In DALL-E, an image is represented as a 2D array of tokens from a latent code. There are 8192 possible tokens. Each token in the sequence represents "what's going on" in a roughly 8x8 pixel region (because they use 32x32 codes for 256x256 images).

(Caveat: The mappings from pixels-->tokens and tokens-->pixels are contextual, so a token can influence pixels outside "its" 8x8 region.)

This latent code is analogous to the BPE code used to represent tokens (generally words) for text GPT. Like BPE, the code is defined before doing generative training, and is presumably fixed during generative training. Like BPE, it chunks the "raw" signal (pixels here, characters in BPE) into larger, more meaningful units.

This is like a vocabulary of 8192 "image words." DALL-E "writes" an 32x32 array of these image words, and then a separate network "decodes" this discrete array to a 256x256 array of pixel colors.
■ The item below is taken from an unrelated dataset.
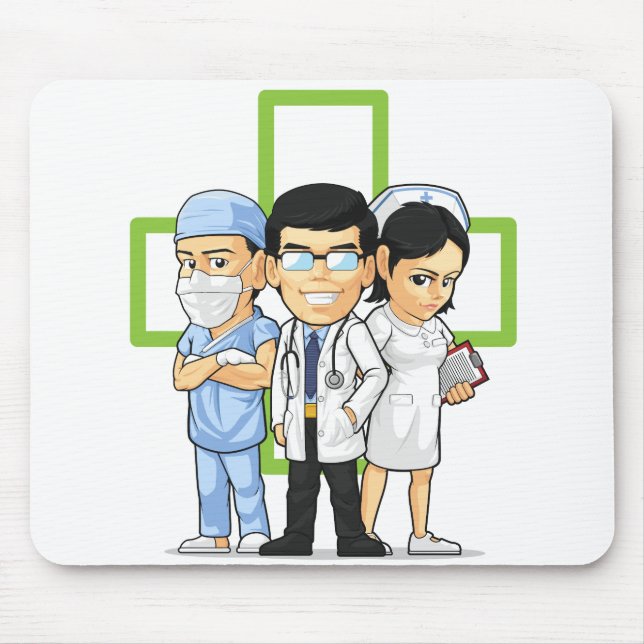 Tapis De Souris Soins de santé ou personnel Médicale - médecin et (Devant)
Intuitively, this feels closer than Image GPT to mimicking what text GPT does with text. Pixels are way lower-level than words; 8x8 regions with contextual information feel closer to the level of words.

As with BPE, you get a head start over modeling the raw signal. As with BPE, the chunking may ultimately be a limiting factor. Although the chunking process here is differentiable (a neural auto-encoder), so it ought to be adaptable in a way BPE is not.

(Trivia: I'm amused that one of their visuals allows you to ask for images of triangular light bulbs -- the example Yudkowsky used in LOGI to illustrate the internal complexity of superficially atomic concepts.)